Two graphic designers turned software designers worked together for years at Etsy, where they helped build and scale the online marketplace that connects millions of buyers and sellers from nearly every country in the world today. In this dialogue, these two designers discuss their own career journeys and what they’ve learned about creating compelling shopping experiences online.

​Magera Holton is a University of Texas Design alumna (BFA 2008) and is the co-founder of Related Works. Randy J. Hunt co-founded Supermarket, an e-commerce platform for designers, and today leads design at Artsy. They sat down to examine what role brand plays in defining a successful business and customer experience and some recurring themes that have popped up over the years for them.

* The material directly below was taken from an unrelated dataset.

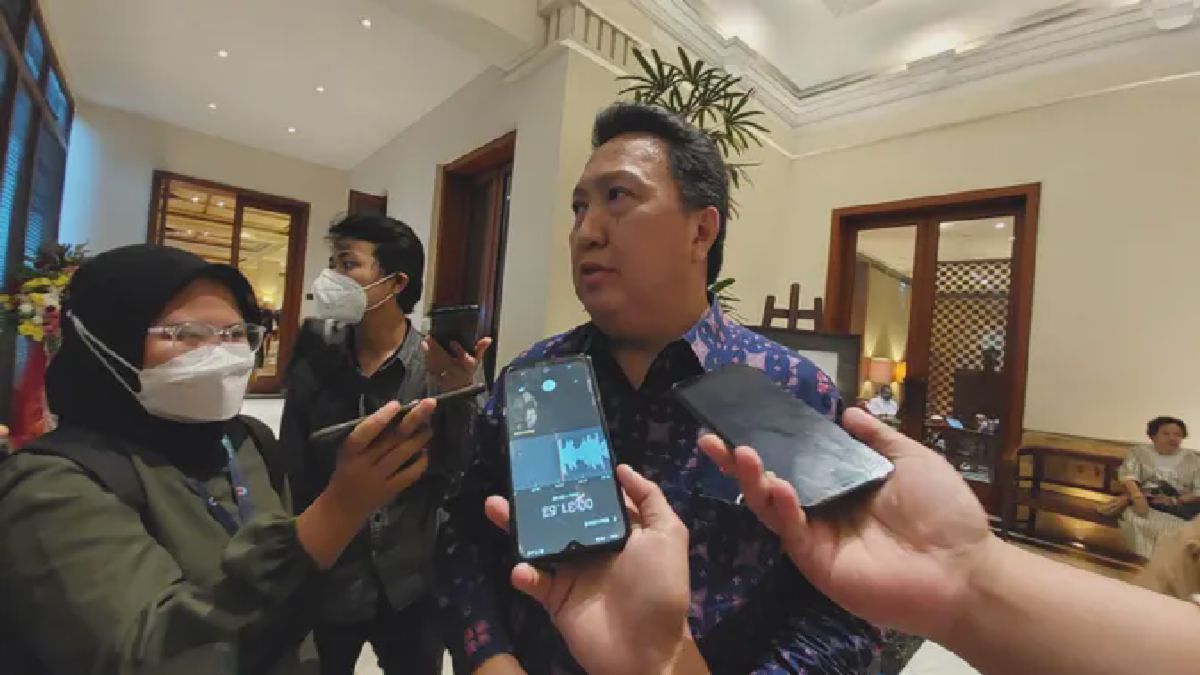 Boy Thohir Dorong Transformasi Bisnis Adaro Menuju Hijau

MH:  What’s the relationship between following common UI or UX conventions for an ecommerce platform and its brand? Are those things separate or are they interconnected? 

RH:  If, for example, you pull on the thread of a checkout experience long enough, you’re going to find broader economic trends of your supply chain. For example: the ability of your logistics operation to deliver fast shipping at a good price affects whether or not you can say on a page “ships free, arrives tomorrow.” Being able to communicate that and present it in a compelling way in the right part of the user experience can help take someone from not buying to buying. The ability to say that sits atop a deep stack of business decisions. You pull those threads long enough, and every little thing is connected.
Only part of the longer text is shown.